Reproduce all of the records word for word, omitting the pictures.

[Records to use — start]

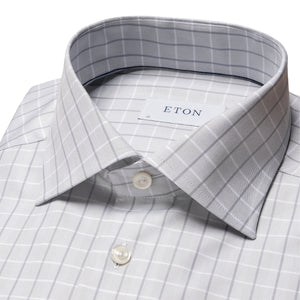 Eton Check Fine Twill Dress Shirt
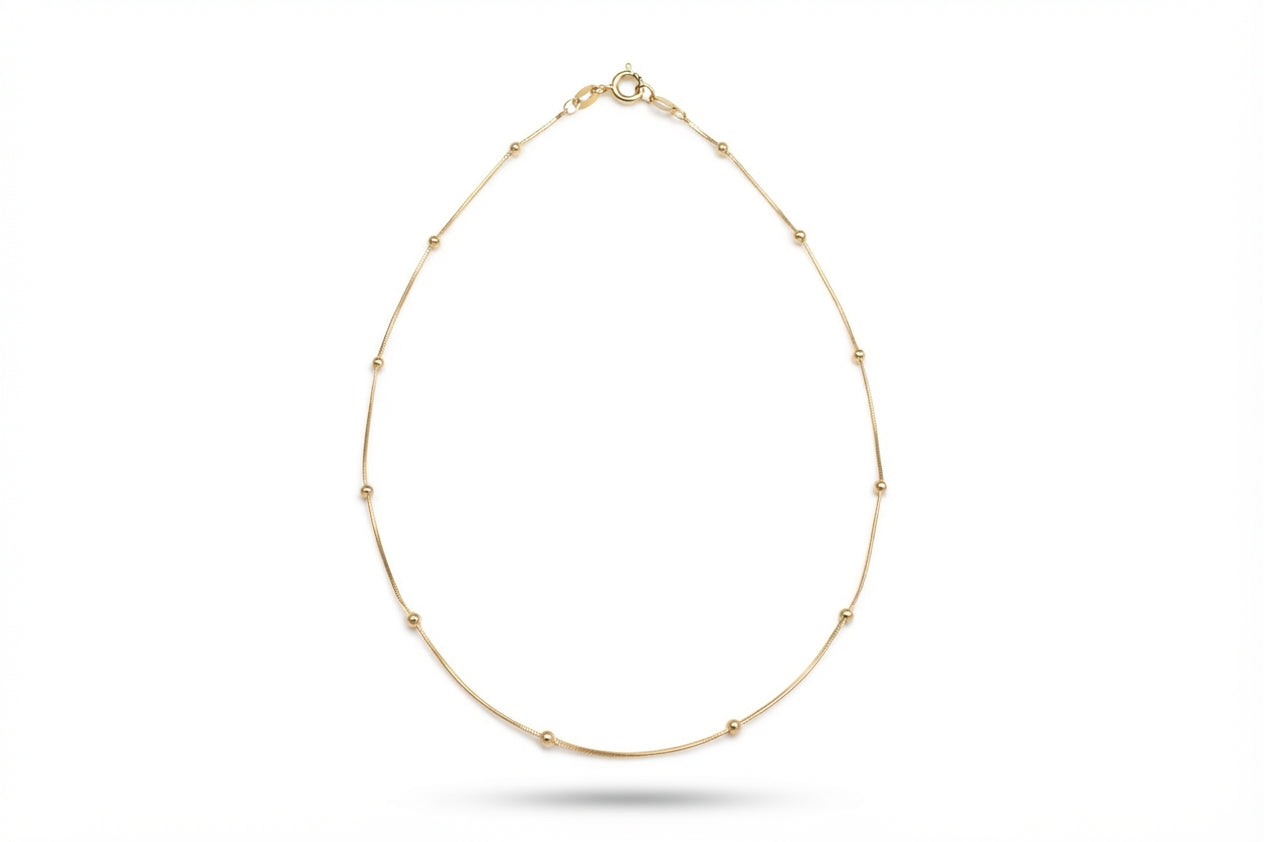 Dainty Gold Satellite Necklace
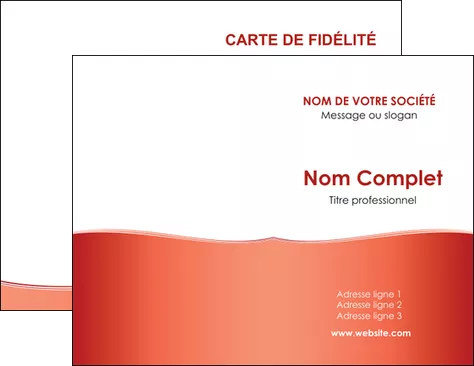 creation graphique en ligne carte de visite rouge couleurs chaudes fond  colore MIFBE68346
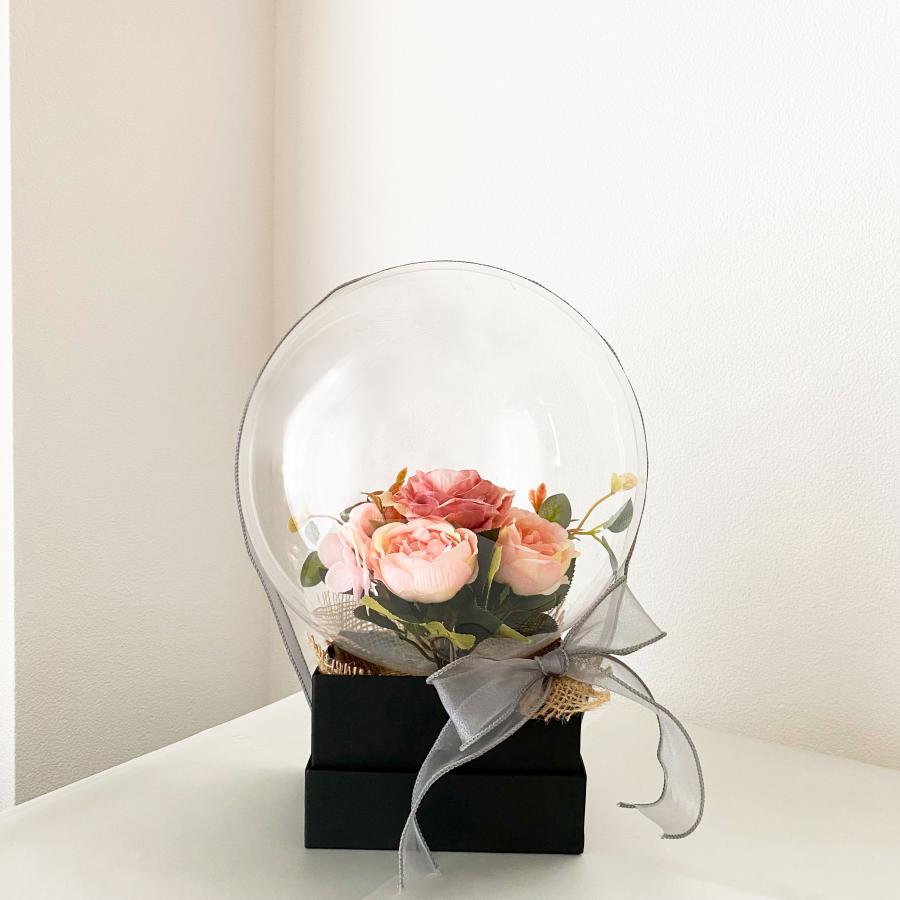 Bouquet of roseアレンジ 【グレーリボン】バルーン・バルーンギフト・風船｜measureworks｜04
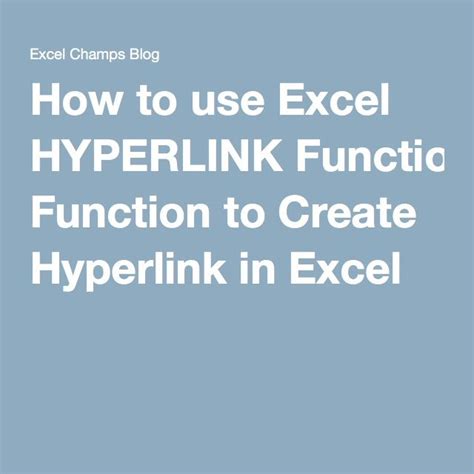 How To Use Excel Hyperlink Function To Create Hyperlink In Excel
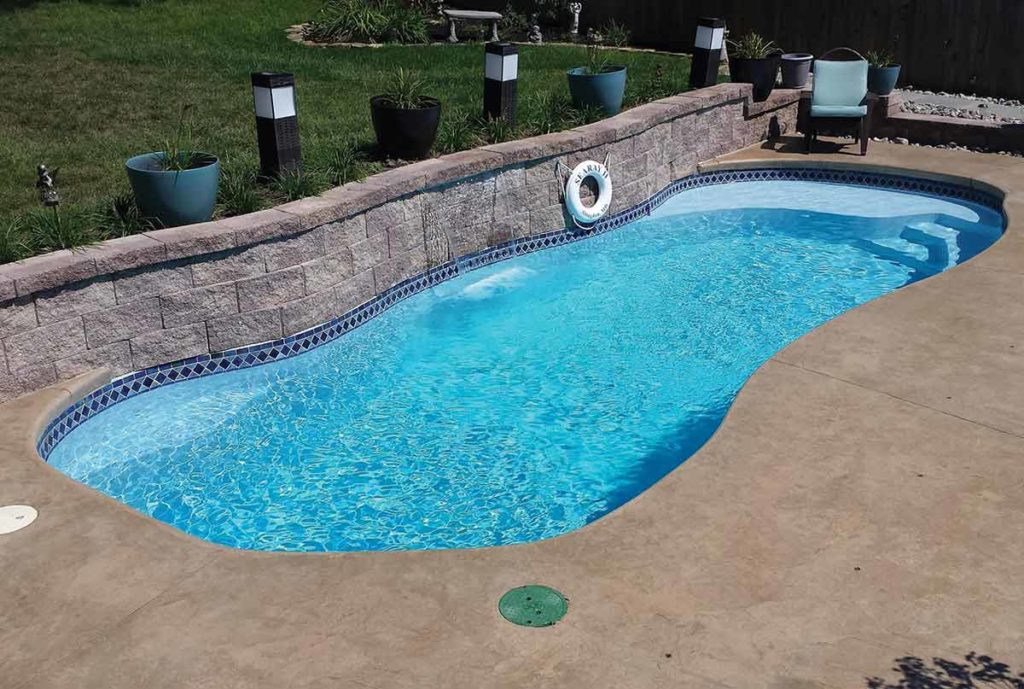 Vista Isle Fiberglass Pool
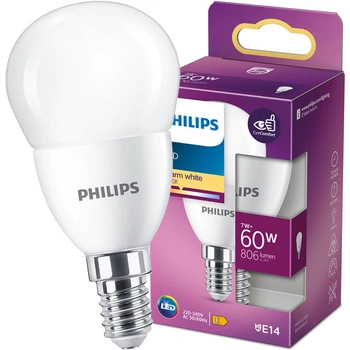 E14 P48 LED žárovka 7W = 60W 806lm 2700K Teplá bílá PHILIPS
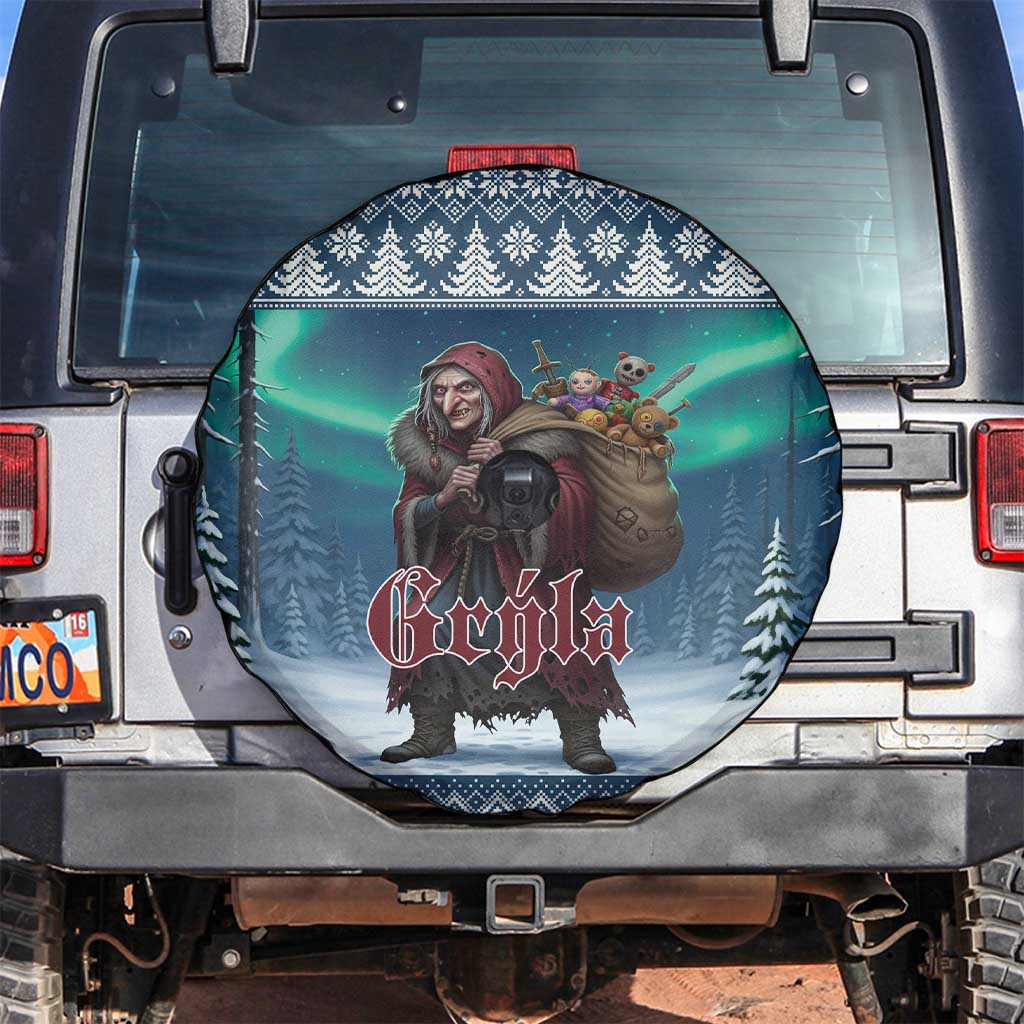 Iceland Christmas Spare Tire Cover Icelandic Gryla Evil Mother of Yule Lads LT19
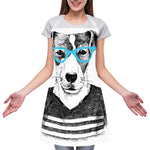 Hipster Jack Russell Terrier Print Adjustable Apron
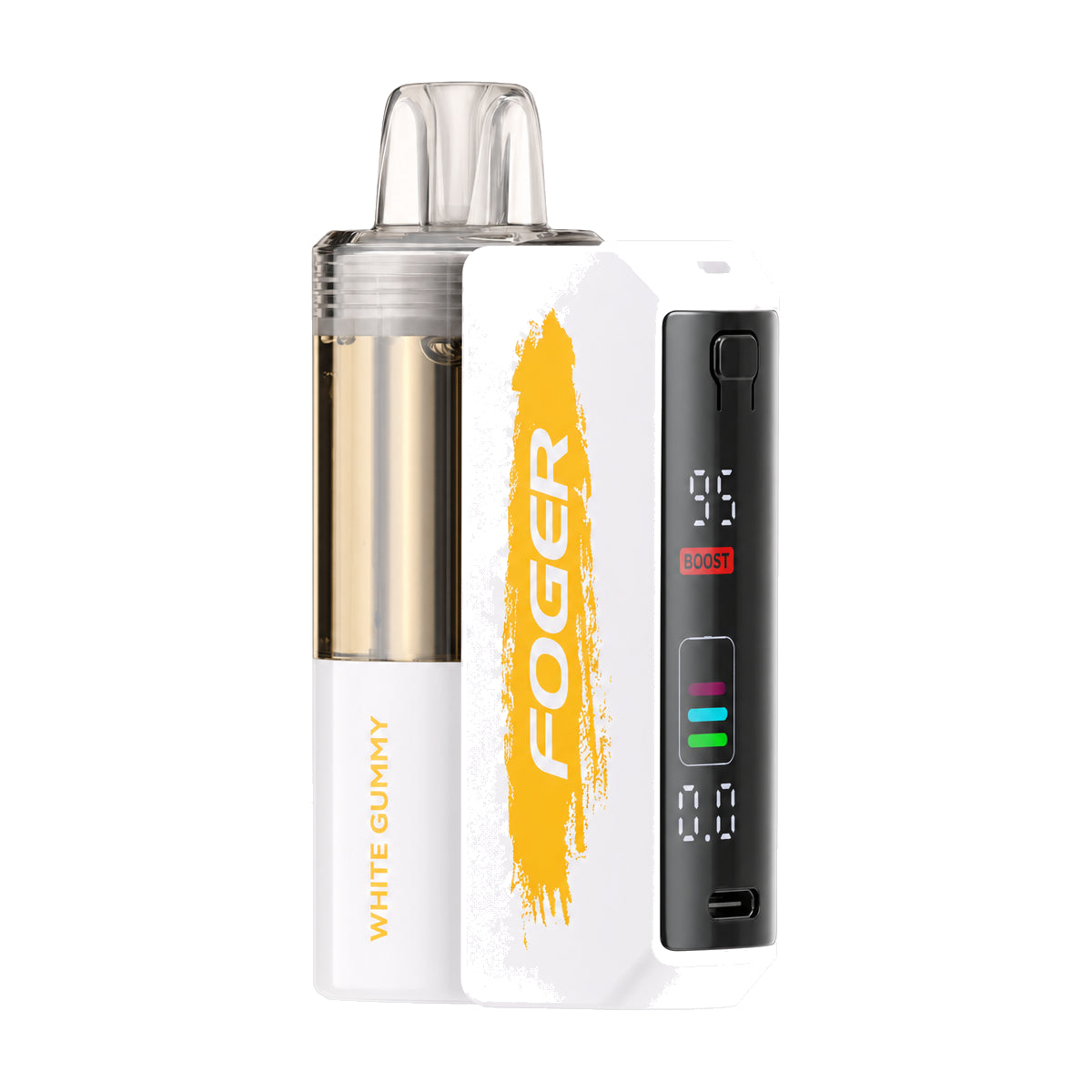 White Gummy - Foger Switch Pro 30K - Battery + Pod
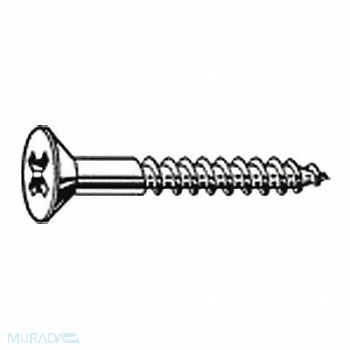 GRAINGER APPROVED Flat Hd Wood Scrw 18-8SS #14 2.5 L PK100, 2DV38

[Records to use — finish]

== Output below ==
 Eton Check Fine Twill Dress Shirt
 Dainty Gold Satellite Necklace
 creation graphique en ligne carte de visite rouge couleurs chaudes fond  colore MIFBE68346
 Bouquet of roseアレンジ 【グレーリボン】バルーン・バルーンギフト・風船｜measureworks｜04
 How To Use Excel Hyperlink Function To Create Hyperlink In Excel
 Vista Isle Fiberglass Pool
 E14 P48 LED žárovka 7W = 60W 806lm 2700K Teplá bílá PHILIPS
 Iceland Christmas Spare Tire Cover Icelandic Gryla Evil Mother of Yule Lads LT19
 Hipster Jack Russell Terrier Print Adjustable Apron
 White Gummy - Foger Switch Pro 30K - Battery + Pod
 GRAINGER APPROVED Flat Hd Wood Scrw 18-8SS #14 2.5 L PK100, 2DV38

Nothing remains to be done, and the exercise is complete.